:: Exercise instructions ::
After locating the line with "A few colourful balloons go BANG", set down that line and all the lines that follow it, unchanged, to the end of the records; omit the pictures.

:: Listed entries ::
■ ■ ■ ■ ■ ■ ■
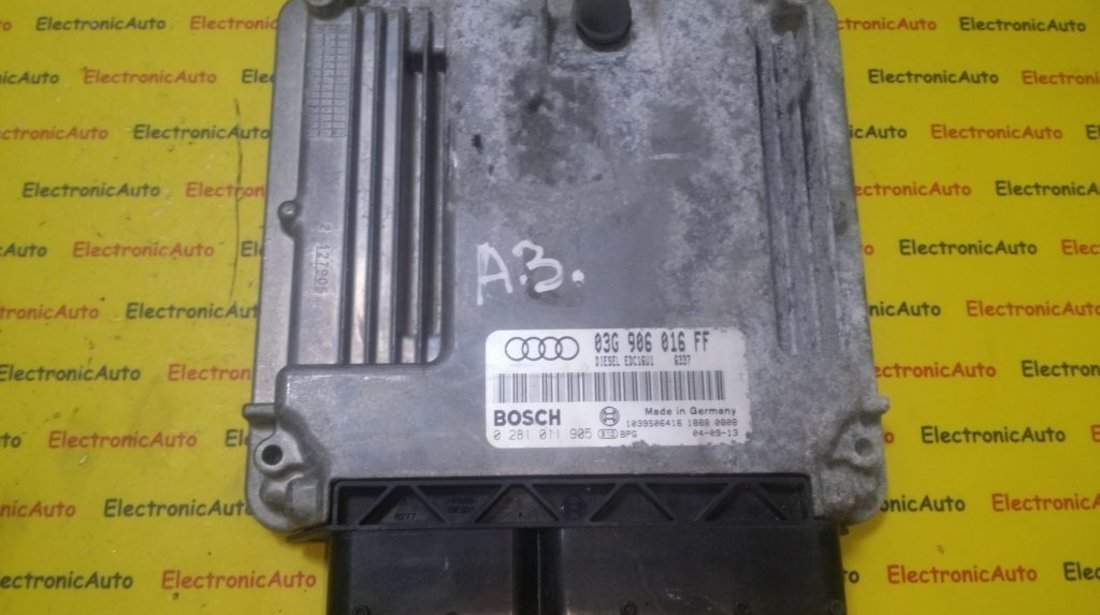 ECU Calculator motor Audi A3 2.0TDI 0281011905, 03G906016FF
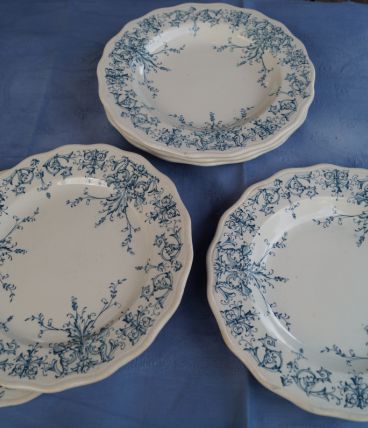 6 Assiettes en Moustiers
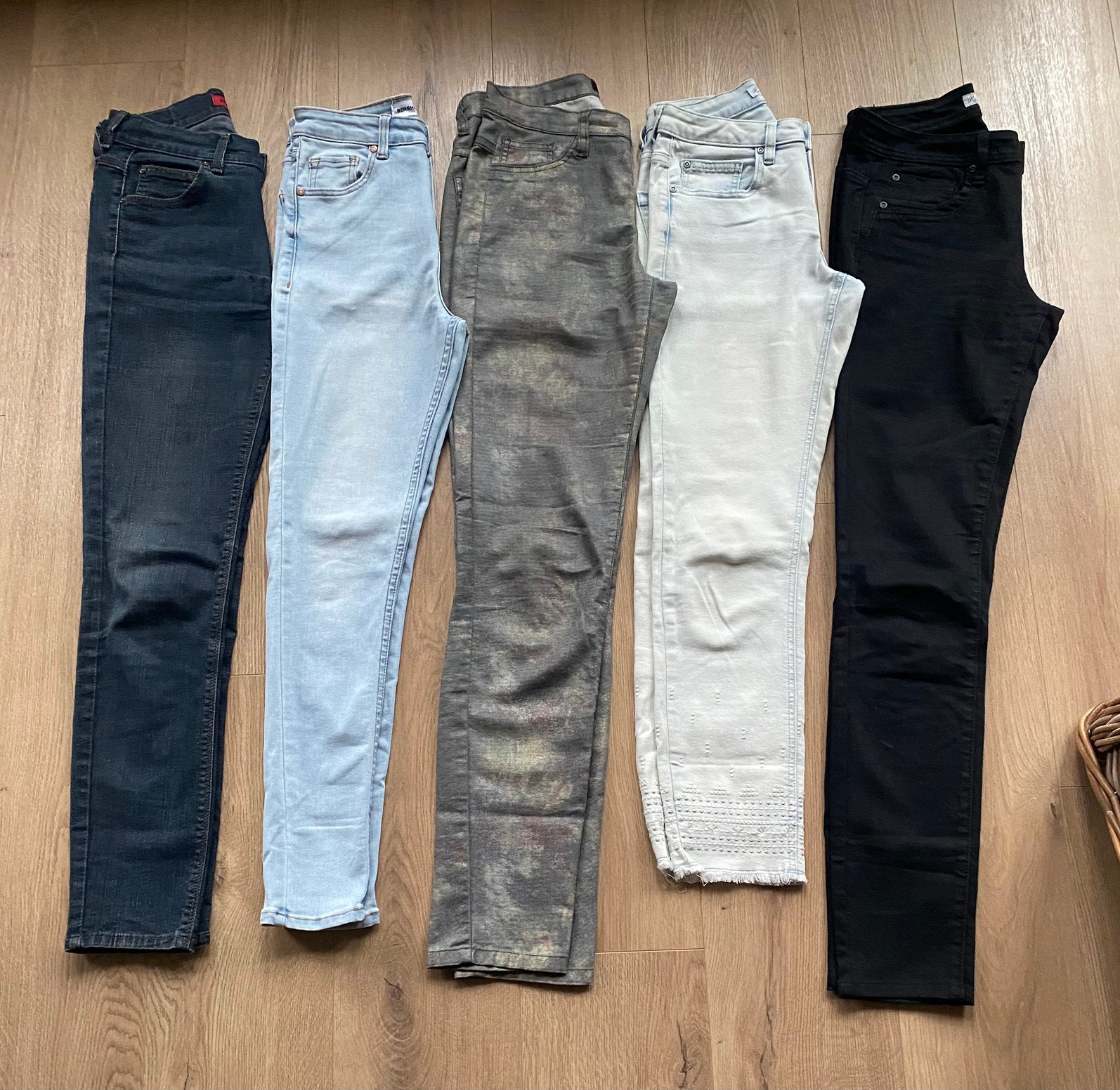 5x skinny jeans oa:RED BUTTON-BERSHKA..mt:36, B, Verzenden, A, C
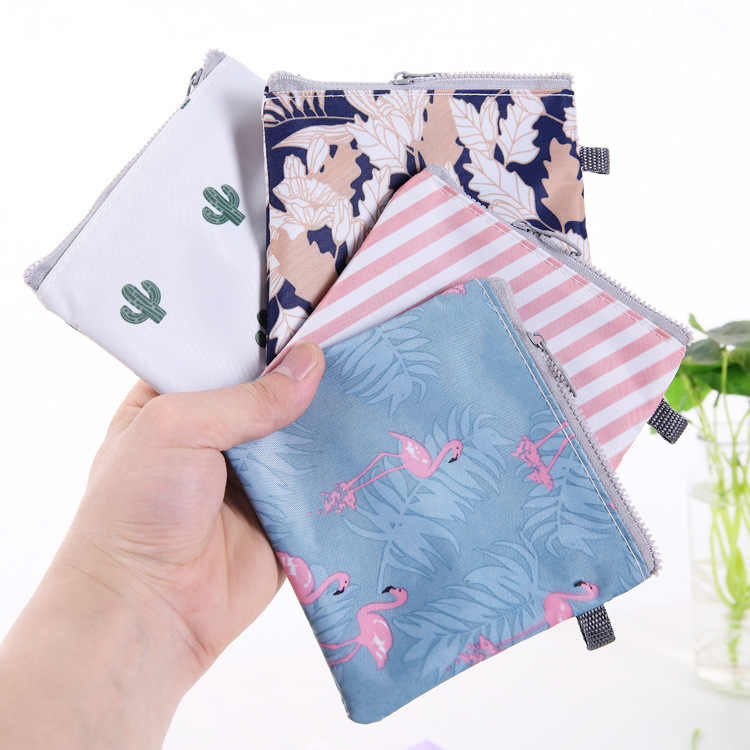 sanitary pad zipper pouches in prints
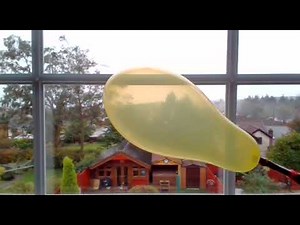 A few colourful balloons go BANG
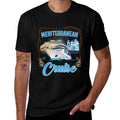 Mediterranean Cruise Tshirt for Men, Women, Boys And Girls  Slim-fit Cut T-Shirt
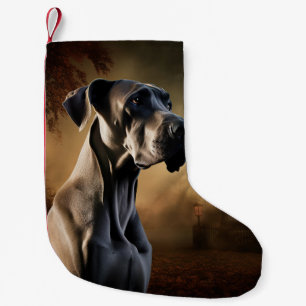 Petite Chaussette De Noël Grand Danois Halloween Effrayant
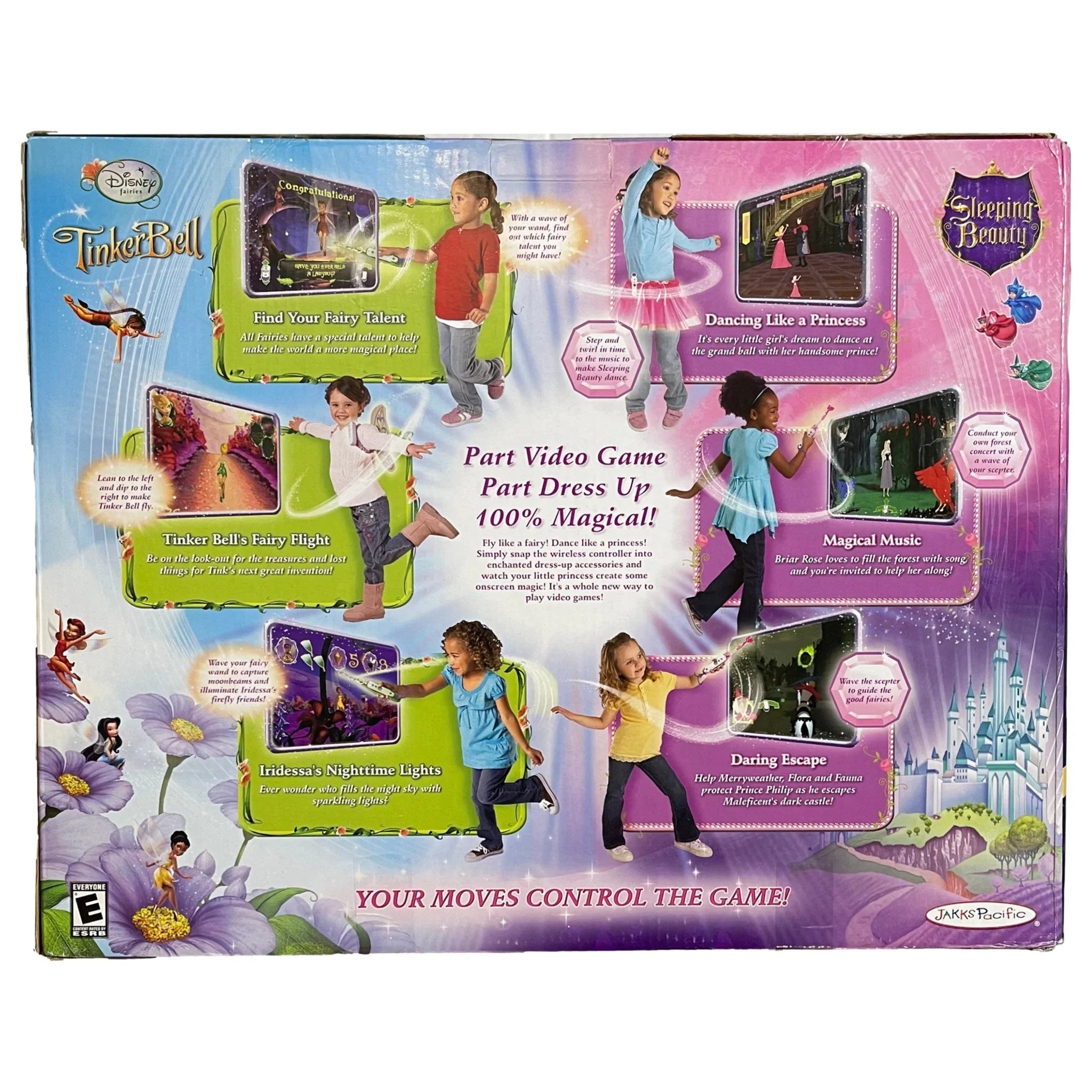 Disney Fairies Sleeping Beauty Ultimotion Wireless Motion Controlled Video Game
■ ■ ■ ■ ■ ■ ■
:: Written reply ::
 A few colourful balloons go BANG
 Mediterranean Cruise Tshirt for Men, Women, Boys And Girls  Slim-fit Cut T-Shirt
 Petite Chaussette De Noël Grand Danois Halloween Effrayant
 Disney Fairies Sleeping Beauty Ultimotion Wireless Motion Controlled Video Game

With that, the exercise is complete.